J'ose le paradoxe d'envoyer au digne représentant d'un grand quotidien d'information du matin l'HISTOIRE D'UN NON-ÉVÉNEMENT :

Mademoiselle D., pauvre petite fille pauvre, eut bien du mal pour obtenir son diplome d'aide-puéricultrice. Elle se maria à dix-huit ans et demi à Gustave qui n'a jamais trop bien compris la dimension abyssale des difficultés existentielles de son épouse... Assise face à la Seine, du côté du pont de l'Alma, à deux pas du zouave, dans les bras de son amant, tendrement enlacée, le visage appuyé sur son épaule large et ferme, elle levait les yeux vers le ciel d'un noir d'encre où une étoile filante venait de dessiner une courbe en forme de croissant... Soudain, elle reconnut sur le parapet du pont le visage rouge de colère de Gustave, qui, un appareil photo en bandoulière sur l'oeil droit, saisissait d'un index saccadé et rageur la scène compromettante dans laquelle elle était incontestablement actrice. Prise d'une panique sans nom, elle s'arracha des bras de son galant et, terrorisée, courut à grandes enjambées chancelantes vers la voie rapide qui longeait la Seine, sans prendre garde de jeter un oeil à gauche puis à droite puis à nouveau à gauche. Une Mercédes, roulant à plus de cent quatre-vingt dix kilomètres à l'heure, la percuta de plein fouet. Son pauvre petit corps, tout pantelant, s'éleva dans les cieux... Personne ne l'a plus jamais revue. Seul signe sensible de ce non événement : une grande tâche rouge sur le pare-brise avant de la Mercédes. Le conducteur dont le champ de vision était déjà notablement réduit par un diabète d'origine éthylique, eut comme un éblouissement écarlate. Il ne vit pas que la voûte du tunnel du Pont de l'Alma était soutenue par des piliers en béton brut de Bouigue... beaucoup plus dur que l'acier allemand !
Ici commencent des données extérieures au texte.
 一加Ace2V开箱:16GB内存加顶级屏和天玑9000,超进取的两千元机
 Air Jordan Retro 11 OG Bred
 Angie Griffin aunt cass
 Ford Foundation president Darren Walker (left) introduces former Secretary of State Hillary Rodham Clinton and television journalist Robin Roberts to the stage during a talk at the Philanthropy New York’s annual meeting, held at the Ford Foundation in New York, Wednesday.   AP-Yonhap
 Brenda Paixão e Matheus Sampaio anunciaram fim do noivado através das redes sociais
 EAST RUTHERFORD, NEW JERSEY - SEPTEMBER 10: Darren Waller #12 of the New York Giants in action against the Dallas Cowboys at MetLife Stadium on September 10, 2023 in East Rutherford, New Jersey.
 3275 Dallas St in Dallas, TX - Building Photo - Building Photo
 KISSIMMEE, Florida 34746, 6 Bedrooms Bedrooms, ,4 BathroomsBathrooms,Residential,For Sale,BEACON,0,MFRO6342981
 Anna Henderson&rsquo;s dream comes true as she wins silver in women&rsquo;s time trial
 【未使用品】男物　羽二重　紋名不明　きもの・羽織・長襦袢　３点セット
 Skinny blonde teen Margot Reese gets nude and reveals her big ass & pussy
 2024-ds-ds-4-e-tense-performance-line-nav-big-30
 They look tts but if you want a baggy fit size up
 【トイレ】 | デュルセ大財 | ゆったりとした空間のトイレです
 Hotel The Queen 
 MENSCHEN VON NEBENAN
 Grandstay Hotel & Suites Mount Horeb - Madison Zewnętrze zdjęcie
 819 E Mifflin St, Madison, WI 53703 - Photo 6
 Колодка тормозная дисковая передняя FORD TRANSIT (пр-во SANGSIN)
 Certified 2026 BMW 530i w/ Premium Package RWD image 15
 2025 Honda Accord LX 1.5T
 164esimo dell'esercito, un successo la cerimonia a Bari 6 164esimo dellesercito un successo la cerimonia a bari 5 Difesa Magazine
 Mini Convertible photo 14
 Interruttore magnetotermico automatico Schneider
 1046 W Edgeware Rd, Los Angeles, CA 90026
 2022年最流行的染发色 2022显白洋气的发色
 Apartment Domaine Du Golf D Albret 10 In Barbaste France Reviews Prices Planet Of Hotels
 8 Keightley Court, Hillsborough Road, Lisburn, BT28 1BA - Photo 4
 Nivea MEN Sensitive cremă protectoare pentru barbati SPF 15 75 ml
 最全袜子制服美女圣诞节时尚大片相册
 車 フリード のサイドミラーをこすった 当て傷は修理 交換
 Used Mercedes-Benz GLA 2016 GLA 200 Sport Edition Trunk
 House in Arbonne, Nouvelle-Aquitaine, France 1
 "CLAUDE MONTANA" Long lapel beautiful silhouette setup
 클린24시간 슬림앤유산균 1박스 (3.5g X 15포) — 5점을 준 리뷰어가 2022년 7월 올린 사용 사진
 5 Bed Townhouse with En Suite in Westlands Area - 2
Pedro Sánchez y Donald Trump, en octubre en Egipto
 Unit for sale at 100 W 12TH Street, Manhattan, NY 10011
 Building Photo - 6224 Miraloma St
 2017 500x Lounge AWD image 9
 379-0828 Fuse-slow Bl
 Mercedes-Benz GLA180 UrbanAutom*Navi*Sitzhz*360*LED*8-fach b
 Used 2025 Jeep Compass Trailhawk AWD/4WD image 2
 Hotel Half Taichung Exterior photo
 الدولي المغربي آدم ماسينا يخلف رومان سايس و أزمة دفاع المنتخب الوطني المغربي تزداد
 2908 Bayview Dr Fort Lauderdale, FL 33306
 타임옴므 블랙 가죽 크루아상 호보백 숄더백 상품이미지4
Nous nous sommes longuement interrogés sur le mystère de la disparition de mademoiselle D., pour finalement formuler deux hypothèses : - ma femme croit quelle est montée tout droit au ciel... Ma femme est par ailleurs pour Lady Di et contre Charles. - je pense, car je suis rationaliste (elle croit, je pense), que le corps de mademoiselle D. a atterri dans les branches hautes et denses d'un feuillu. Quand l'automne sera plus avancé et que les feuilles mortes tomberont à la pelle, on découvrira son corps décharné, déchiqueté par les corbeaux de la Tour de Londres, non, du bossu de Notre Dame... Je suis par ailleurs pour Charles, et contre la monarchie.

R. F. tenant d'un journalisme de papa rassis.

P.S. : Je prie pour la résurrection de Léon Zitrone...

Cinq jours après !

Positionnement du problème : Mère Thérésa, trop modeste pour se sentir digne d'un tel hommage, n'a pas supportée qu'on la compare à Lady Di. Sous le choc, elle est victime d'une brutale poussée hypertensive et passe l'arme à droite cinq jours après que son altesse royale, son alter égale ait passé l'arme à gauche.

...Une fois de plus, la presse...

Le 8 septembre 97 M. Serge JULY Président du présidium suprême de LIBERATION

Bonjour mais avec réticence

Indigné, je vous écris, pour m'élever avec la plus grande fermeté contre la place accordée dans votre journal à mère Thérésa à l'occasion de son décès... Elle est vieille, elle est moche, elle est morte dans son lit, elle n'a jamais été mariée à un prince, elle n'a jamais eu d'amants (ou du moins la presse n'en a jamais parlé), elle n'a jamais rien enfanté - pas même un vague petit prince du Liechtenstein - elle ne fréquente même pas les hôtels Ibis et qui plus est, pas un paparazzo n'a pu obtenir d'elle une photo en maillot de bain brésilien... Donnez moi le quart de la moitié d'un début de raison pour lui accorder plus de trois lignes dans la rubrique nécrologique de Libération ? Payante, bien sur ! * Amicalement mais avec réticence

* Mais j'aurais suggéré au journal d'accorder à sa nombreuse famille une réduction... Il y a des moments où mieux vaut savoir ne pas mégoter.